━━━ Available data ━━━

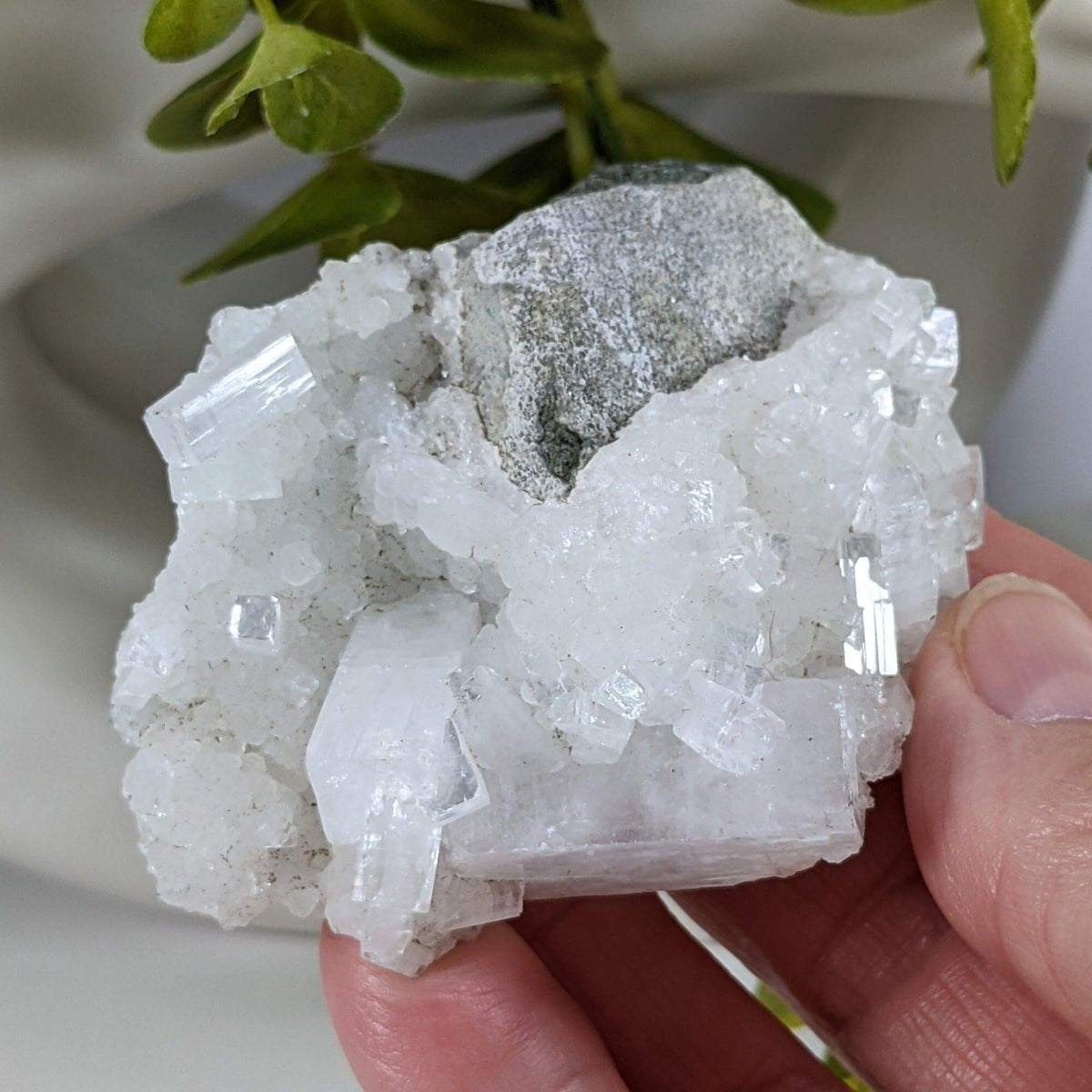  Apophyllite and Prehnite Crystal Cluster | 104 grams | Mumbai, India | SO24 6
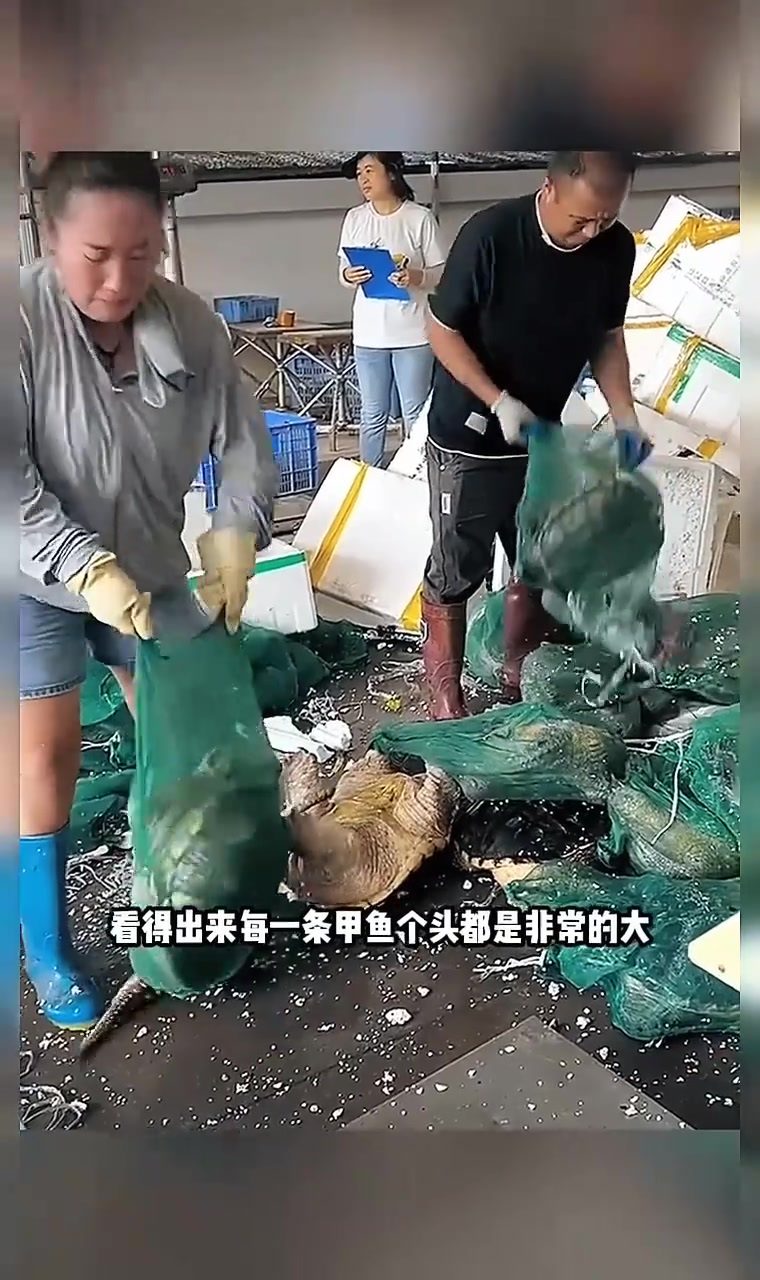 家中养千只强壮甲鱼,炖汤口感美味令人期待!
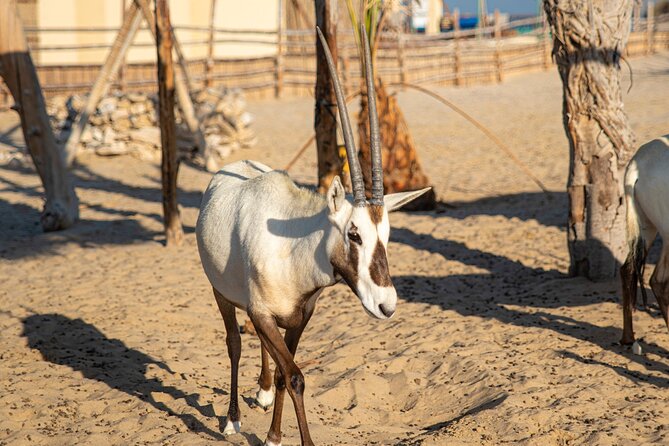 Arabian Sands Half-Day Adventure in Qatar - Highlights of the Experience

━━━

→ **What the exercise asks**
Leaving out the pictures, output the listing above exactly as given.

→ **Task solution**
  Apophyllite and Prehnite Crystal Cluster | 104 grams | Mumbai, India | SO24 6
 家中养千只强壮甲鱼,炖汤口感美味令人期待!
 Arabian Sands Half-Day Adventure in Qatar - Highlights of the Experience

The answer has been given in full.